Ha, tricked you. This post has nothing to do with music. Those are song lyrics by Martha and the Vandellas.
This morning I “checked out,” and by saying that, I really mean that I fed the cat, packed my bags and headed out. My goal was to get to DC in time for the 1:35pm baseball game between the Los Angeles Dodgers and the Washington Nationals. It’s only about 45 minutes between the two…places. And no, I am not going to call Washington DC a city. That would make me a liar. Driving through this area gives a sense of how big the government is. As I took the 295 freeway to DC, I passed several freeway exits which stated things like “Space Center – employees exit only.” It was a bit intimidating to know I am surrounded by the government. That’s partly what bothers me about being in DC; I feel like there is a security camera on me at all times. They very well may be! I did stop in Laurel, MD to get lunch at Panera. This area looks very expensive, and with so many federal employees in the area, I’m sure it is.

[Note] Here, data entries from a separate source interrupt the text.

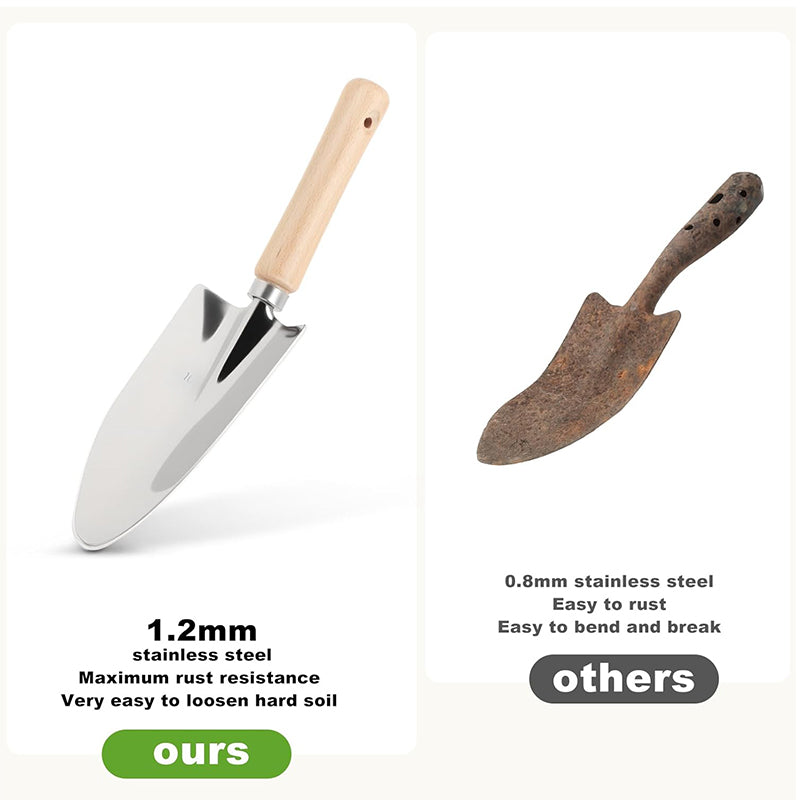 Heavy-Duty Garden Tool 9-Piece Set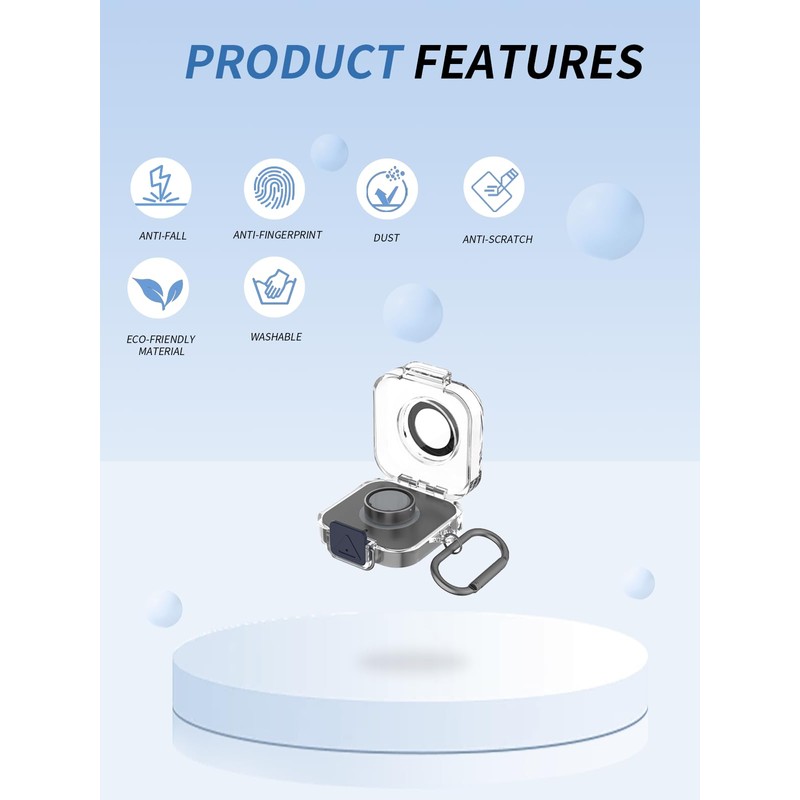 yystao Case for Oura Ring Gen4 Charger, Protective Hard Case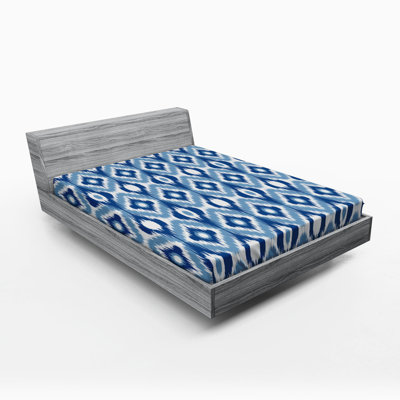 Microfiber Ikat Fitted Sheet
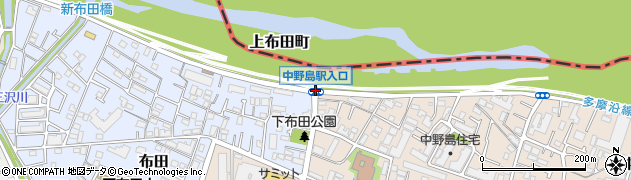 中野島駅入口周辺の地図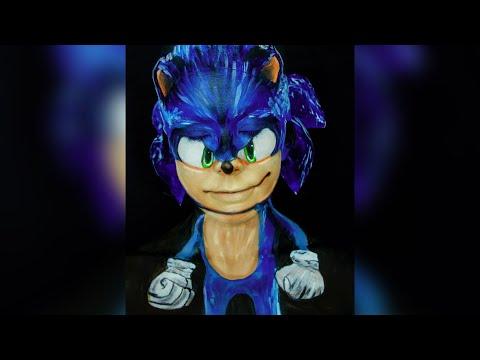 SONIC 2 PELICULA - MAKEUP CON GLOWBODYART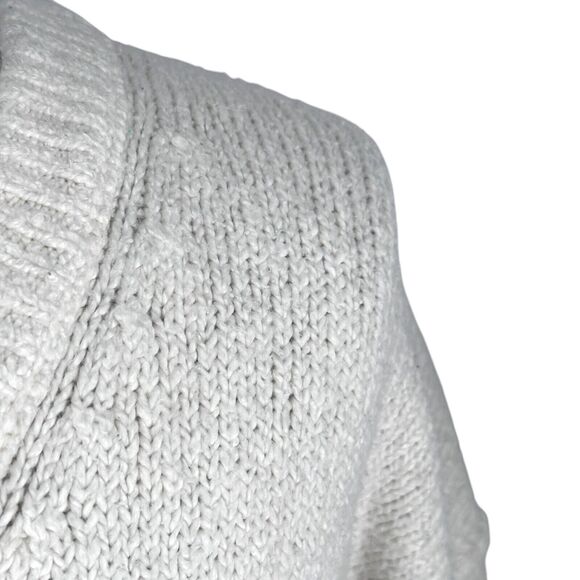 Free People Sweater Womens Medium Off-White Cotton Knitted Crew Neck Long Sleeve - Picture 12 of 12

My plan was to park at the Anacostia metro stop, south of the ballpark, then get a metro pass. I found the Anacostia metro bus station but could not find the subway portion nor the 800+ parking spaces that their website showed they have. I drove for a good 10 minutes, twice around the property, then decided to drive to a different stop further away on the same line. It took about 10 minutes to get there, I parked, and then found it was only for bus traffic and not subway. A bus driver told me that the parking and metro back at Anacostia are on the other side of the freeway, about a quarter-mile away. So I drove back, and there it was – without any signs or identification, just a little road right next to the freeway off-ramp that leads to the parking structure. At this point the game was starting any minute, so I put the radio feed on my smartphone, bought a [relatively overpriced] day pass and boarded the subway for a single stop. The Navy Yard-Ballpark metro stop exits right beyond the centerfield gate – which is really in leftfield if you ask me. This ballpark is one of the newer ones and looks great.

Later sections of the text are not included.